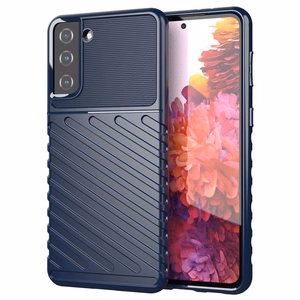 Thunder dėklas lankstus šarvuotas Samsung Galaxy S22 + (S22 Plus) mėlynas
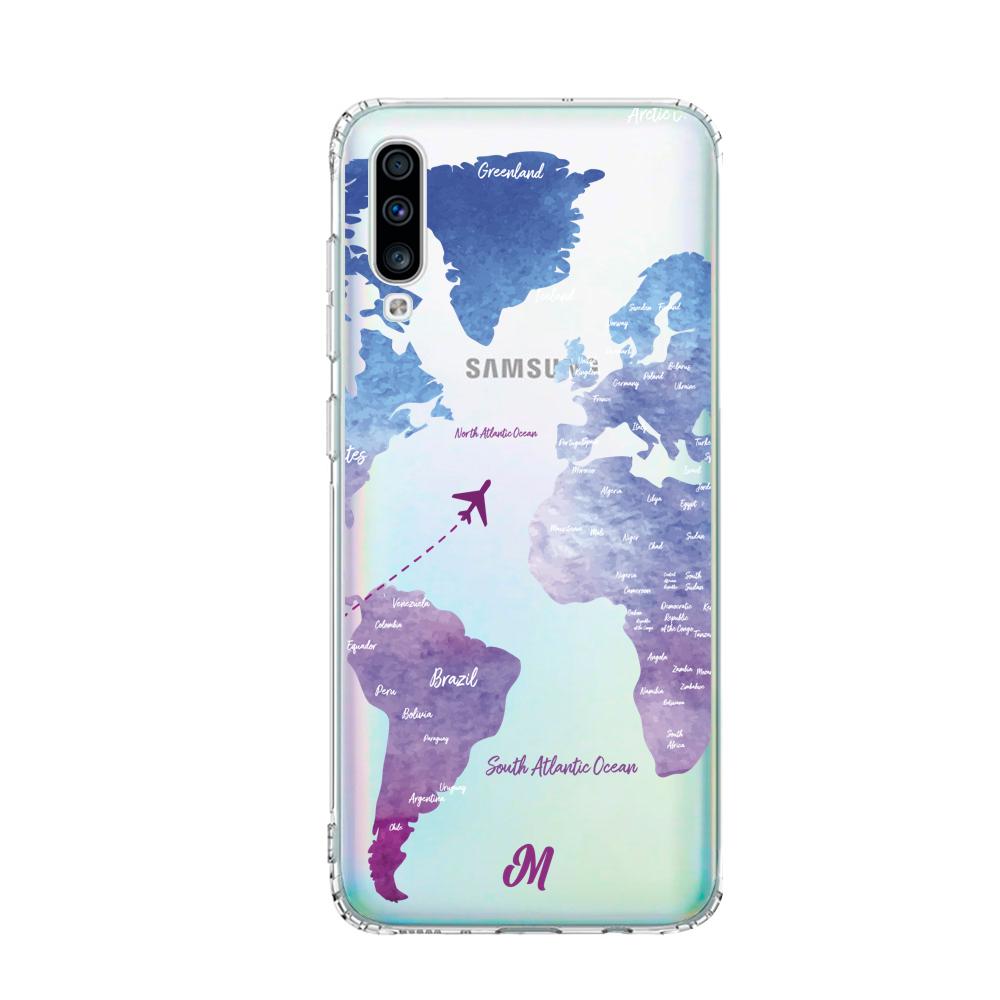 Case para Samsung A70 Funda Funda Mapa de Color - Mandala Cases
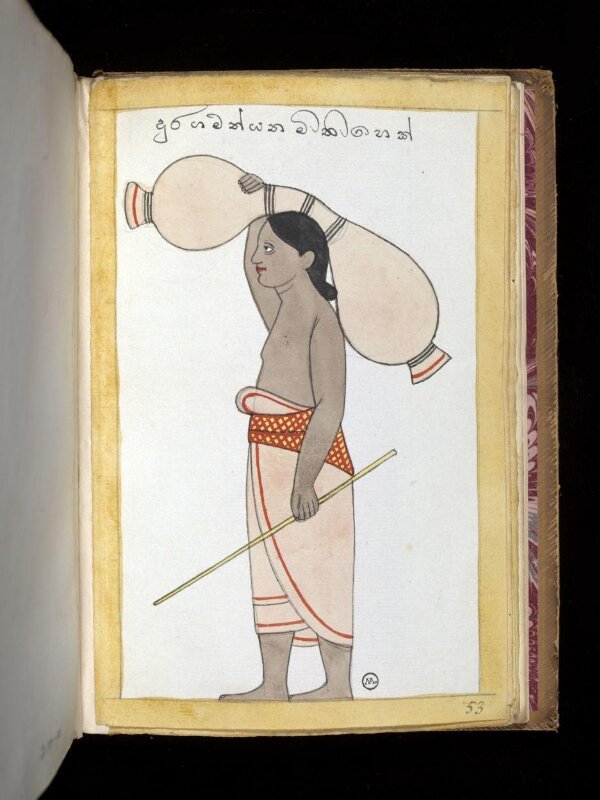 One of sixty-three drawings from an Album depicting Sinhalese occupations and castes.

******************************

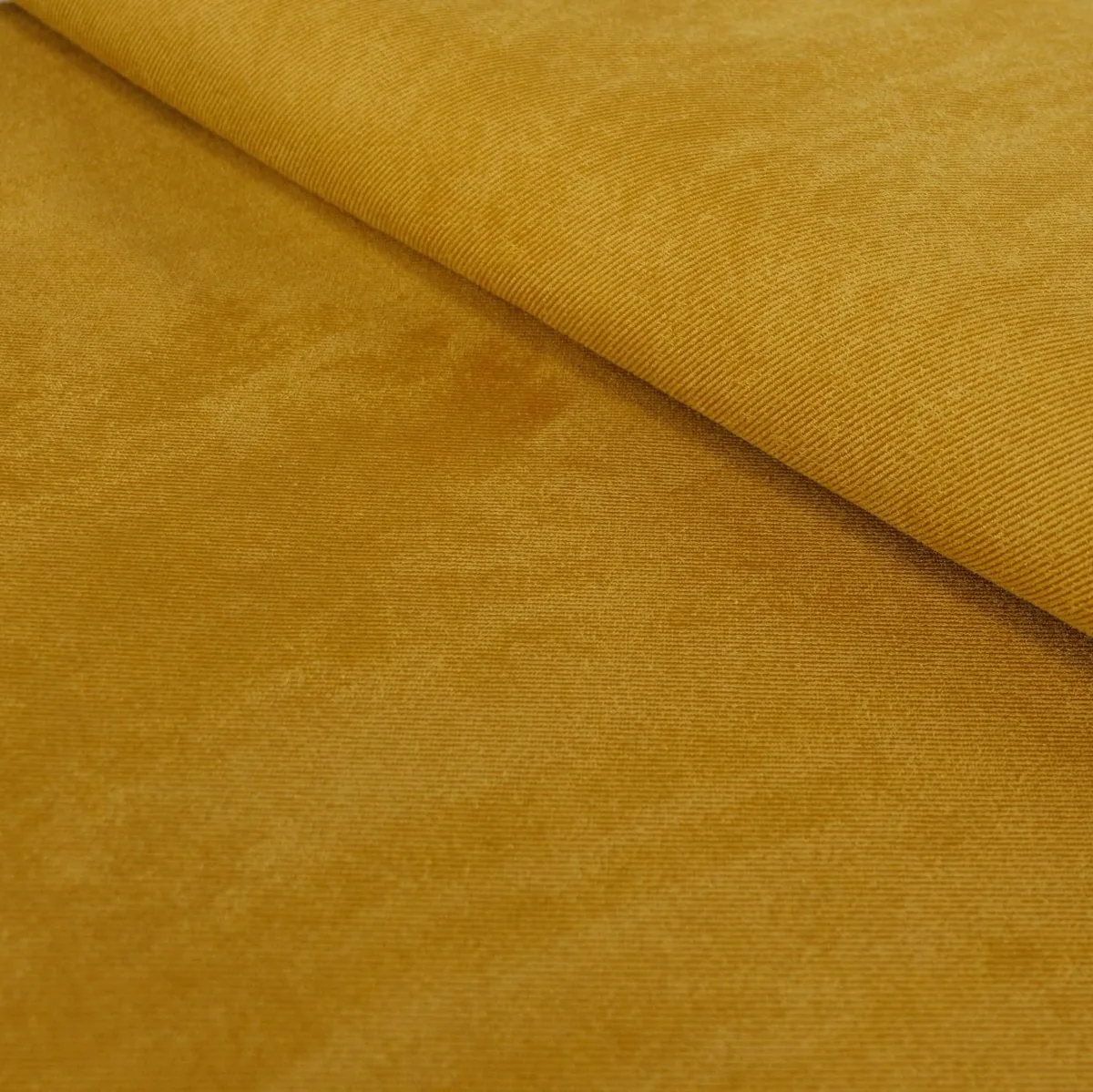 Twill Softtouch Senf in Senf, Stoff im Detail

******************************

Work item :: Copy the entries above exactly, but only the stretch from the line containing "Thunder dėklas lankstus" through the line containing "One of sixty-three". Keep both end lines; drop the pictures.

Output for this task ::
 Thunder dėklas lankstus šarvuotas Samsung Galaxy S22 + (S22 Plus) mėlynas
 Case para Samsung A70 Funda Funda Mapa de Color - Mandala Cases
 One of sixty-three drawings from an Album depicting Sinhalese occupations and castes.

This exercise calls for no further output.